Route information
- Maintained by ArDOT
- Length: 17.67 mi (28.44 km)
- Existed: June 23, 1965–present

Major junctions
- South end: AR 15 at Newell
- US 82 near El Dorado
- North end: US 167 near Norphlet

Location
- Country: United States
- State: Arkansas
- Counties: Union

Highway system
- Arkansas Highway System; Interstate; US; State; Business; Spurs; Suffixed; Scenic; Heritage;
| ← AR 334 |  | → AR 336 |

= Arkansas Highway 335 =

Highway in Arkansas

Highway 335 (AR 335, Ark. 335, and Hwy. 335) is a north–south state highway in Union County, Arkansas. The highway begins at Highway 15 and runs northeast to U.S. Highway 167 (US 167). It is maintained by the Arkansas Department of Transportation (ArDOT).

==Route description==
Highway 335 partially circles El Dorado within the South Arkansas region. It begins at an intersection with Highway 15 at Newell near Little Cornie Bayou. The highway runs north to a junction with US 82. The two routes form a brief concurrency eastward, before Highway 335 turns north on Wyatt Drive. The highway passes through a flat, forested area typical of the Gulf Coastal Plain, sparsely populated with residences, churches, and three cemeteries.

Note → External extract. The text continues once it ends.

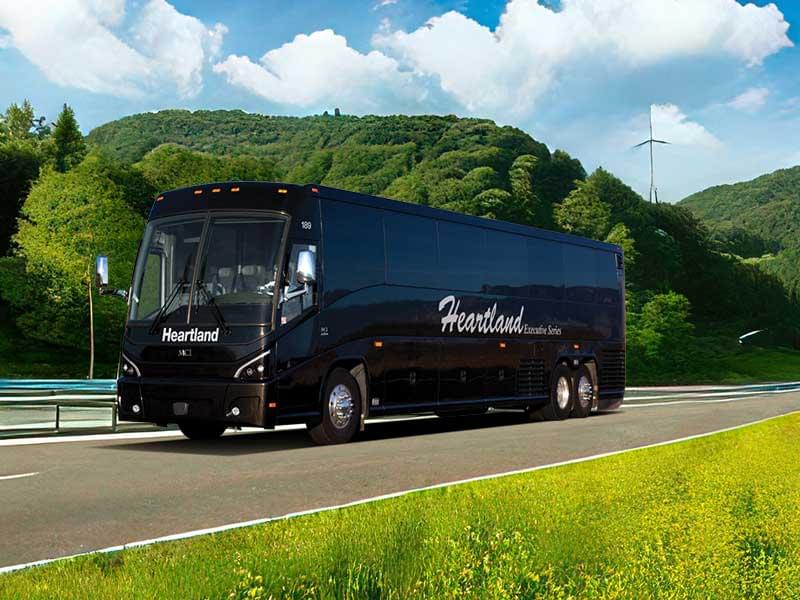 A Heartland Trailways bus on the road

Highway 335 intersects the four-lane divided Highway 7 (Smackover Highway / Scenic 7 Byway) north of El Dorado.

After the intersection, Highway 335 turns north toward Norphlet, where it turns east onto Tate Street and passes south of downtown and crossing the Union Pacific Railway line. East of the town, Highway 335 winds through a sparsely populated rural area, crossing Haynes Creek before terminating at US 167.

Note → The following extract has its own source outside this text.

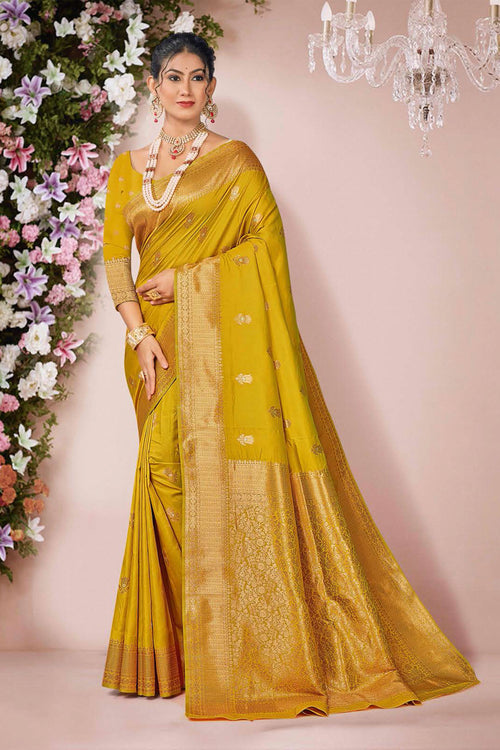 Mustard Woven Art Silk Saree With Blouse Piece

The ArDOT maintains Highway 355 like all other parts of the state highway system. As a part of these responsibilities, the department tracks the volume of traffic using its roads in surveys using a metric called average annual daily traffic (AADT). ArDOT estimates the traffic level for a segment of roadway for any average day of the year in these surveys. As of 2016, the highest estimated count was between Highway 7 and Norphlet, with 2,000 vehicles per day (VPD). It drops between 1,000 and 2,000 west of the Highway 7 intersection. East of Norphlet, Highway 335 saw 480 VPD.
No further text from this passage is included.